Entity Extractor (Aspire 2)

From wiki.searchtechnologies.com
Jump to: navigation, search

For Information on Aspire 3.1 Click Here

Entity Extractor (Aspire 2)
Factory Name  com.searchtechnologies.aspire:aspire-tokenizer
subType  extractor
Inputs  InputStream (set in the contentStream or contentBytes variable) which contains the content to be parsed.
Outputs  Set the doc.content with Input text marked up in-line with extracted matches.

Takes the input stream and looks up token patterns from the stream in a given dictionary. The output will be the content with matching phrases gathered into single tokens. The matches are also tagged with TokenFlags.WHOLE_TOKEN with matching phrases gathered into single tokens.


Configuration

Element Type Default Description
dictionaryFile String none Required. Identifies the file location of the dictionary file, which contains a list of entries to be matched from the token stream. (see below) Multiple files may be added using config options shown below.
dictionaryOffset Integer 0 The number of lines (entries) to skip from the beginning of the dictionary. This setting is mostly used to avoid loading all of a very large dictionary.
dictionaryEntries Integer 0 The number of lines (entries) to load from the dictionary, starting from dictionaryOffset. Zero means load the entire file.
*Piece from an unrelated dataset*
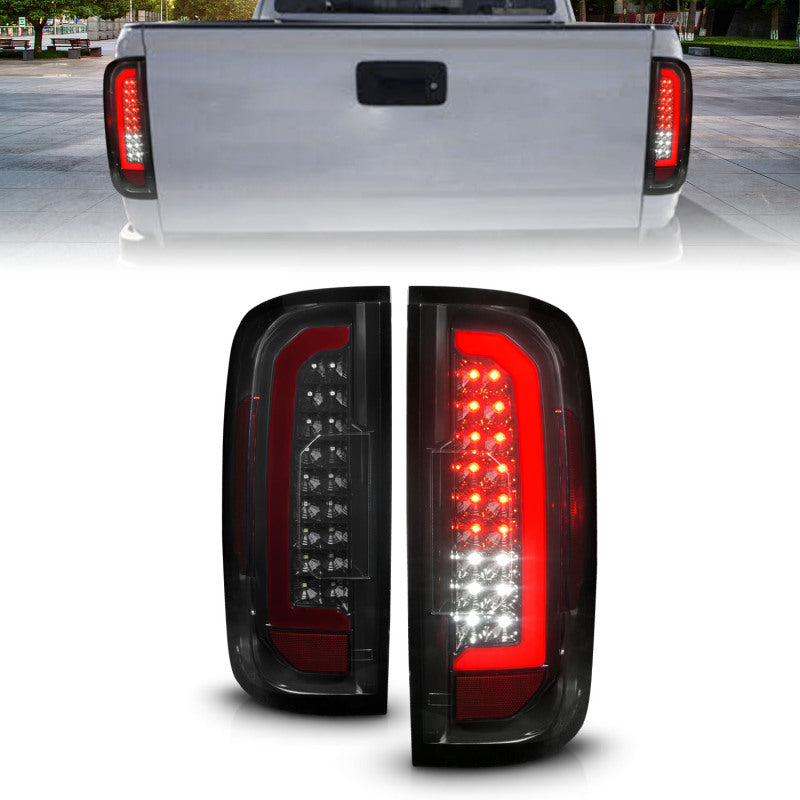Load image into Gallery viewer, Anzo 311433 ANZ LED Taillights
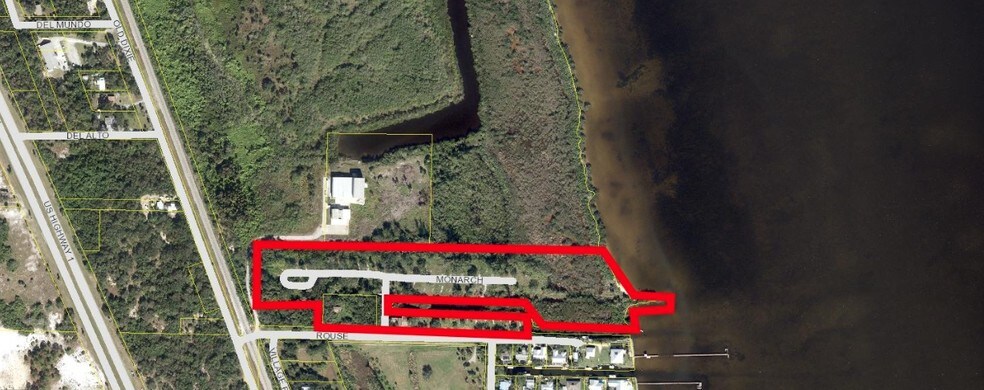 250 Rouse Rd, Fort Pierce, FL à vendre - Photo du bâtiment - Image 2 de 41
This setting is mostly used to avoid loading all of a very large dictionary.
extractorName String "Extractor" This name is logged with each hit, so that hits from multiple Extractors can be differentiated.
normalize boolean false If true, when a hit is found, the term will be changed to the target text, if any.
debug boolean false When true, a number of printouts are activated.

Example Configurations

<component name="MainDictLookup" subType="extractor" factoryName="aspire-tokenizer">
  <extractorName>Main Terms</extractorName>
  <dictionaryFile>testdata/nse.txt</dictionaryFile>
</component>